Feliz cupleanos! Yo espero que tu dia hagas sido grandioso!


----------



## JoanneR2 (Apr 18, 2012)

Isla Verde said:


> In honor of my birthday, I'm taking the rest of the day off. Any comments or quejas should be directed to Tundra Green. ¡Hasta mañana!


A good old fashioned happy Birthday from me. We should meet up some time as we live so close by. J


----------



## Isla Verde (Oct 19, 2011)

coondawg said:


> Feliz Cumpleanos, Isla Verde. Disfruta tu dia !:wave:


Gracias, coondawg. ¡Lo pasé de maravilla!


----------



## Isla Verde (Oct 19, 2011)

GARYJ65 said:


> Muchas felicidades!


Gracias, Gary.


----------



## Isla Verde (Oct 19, 2011)

ojosazules11 said:


> Estas son las mañanitas que cantaba el Rey David
> A las muchachas bonitas, te las cantamos a ti
> 
> 🌸🌷💐🌹🌻🌺🌸
> ...


No one sent mariachis to my building at dawn yesterday to serenade me, so I really appreciate your post. Thanks, ojosazules!


----------



## Isla Verde (Oct 19, 2011)

terrybahena said:


> Feliz cupleanos! Yo espero que tu dia hagas sido grandioso!


Así fue. ¡Gracias, terrybahena!


----------



## RVGRINGO (May 16, 2007)

It seem that I am a day late, and a dollar short, as usual. Hope you celebrated your special day yesterday and enjoyed all the attention, because today you are just older.


----------



## Isla Verde (Oct 19, 2011)

RVGRINGO said:


> It seem that I am a day late, and a dollar short, as usual. Hope you celebrated your special day yesterday and enjoyed all the attention, because today you are just older.


I did, RV. And thanks for reminding me that time marches on (and on), no matter how much I wish it wouldn't  .


----------



## RVGRINGO (May 16, 2007)

No matter how fast it marches, and it does, you can‘t catch up with me. I‘m older than dirt now.


----------



## Isla Verde (Oct 19, 2011)

RVGRINGO said:


> No matter how fast it marches, and it does, you can‘t catch up with me. I‘m older than dirt now.


That does make me feel better!


----------



## RVGRINGO (May 16, 2007)

Isla Verde said:


> That does make me feel better!


Just temporarily. Listen for the drum.......


----------



## Isla Verde (Oct 19, 2011)

RVGRINGO said:


> Just temporarily. Listen for the drum.......


No drumbeats for me, thanks. I've gotten very good at ignoring things, like the march of time, that I can't do anything about.


----------



## Isla Verde (Oct 19, 2011)

JoanneR2 said:


> A good old fashioned happy Birthday from me. We should meet up some time as we live so close by. J


Sorry I missed thanking you yesterday for your birthday greeting. I'd love to get together. Why not send me a PM when you have some free time, so we can make plans?


----------



## JoanneR2 (Apr 18, 2012)

Isla Verde said:


> Sorry I missed thanking you yesterday for your birthday greeting. I'd love to get together. Why not send me a PM when you have some free time, so we can make plans?
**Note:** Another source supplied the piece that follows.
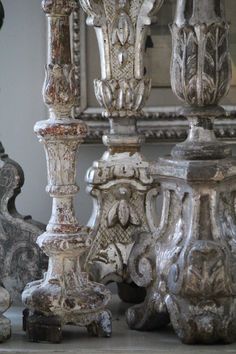 an assortment of antique vases and other decorative items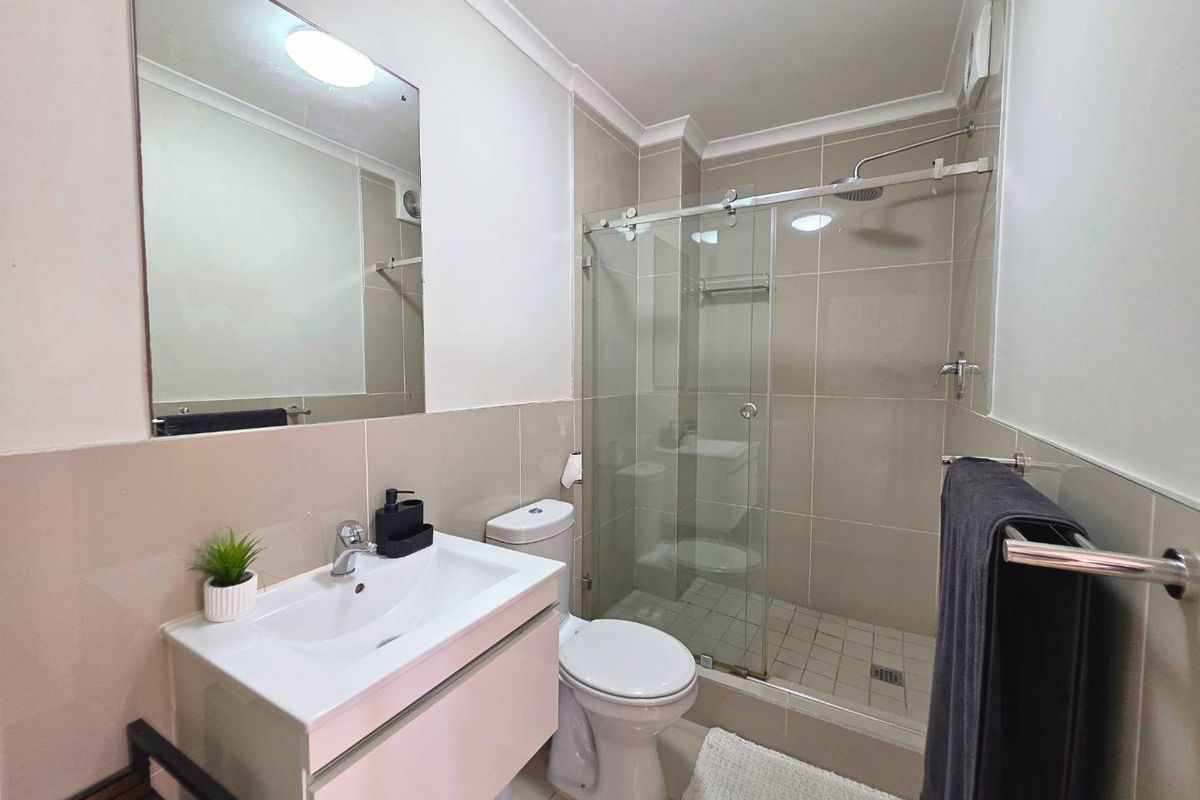 Modern bathroom featuring a vanity cabinet, wall-mounted mirror, toilet, and a glass-enclosed shower with tiled finishes.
Will do. We are off on holiday next week so I'll drop you a line when we get back if that's OK. Will be good to get away from the rain for a while. Even the UK is having better weather than DF at the moment. Though, of course, as I type this the sun is shining outside....


----------



## Isla Verde (Oct 19, 2011)

JoanneR2 said:


> Will do. We are off on holiday next week so I'll drop you a line when we get back if that's OK. Will be good to get away from the rain for a while. Even the UK is having better weather than DF at the moment. Though, of course, as I type this the sun is shining outside....


This has been the wettest, the worst summer I've ever lived through in Mexico, similar to the weather I remember from a summer I spent in London in 1974. I was thrilled when it didn't rain for my birthday on Tuesday, but today is even better - the sun has been brightly shining for several hours instead of just a few minutes! Please write to me when you get from your vacation.


----------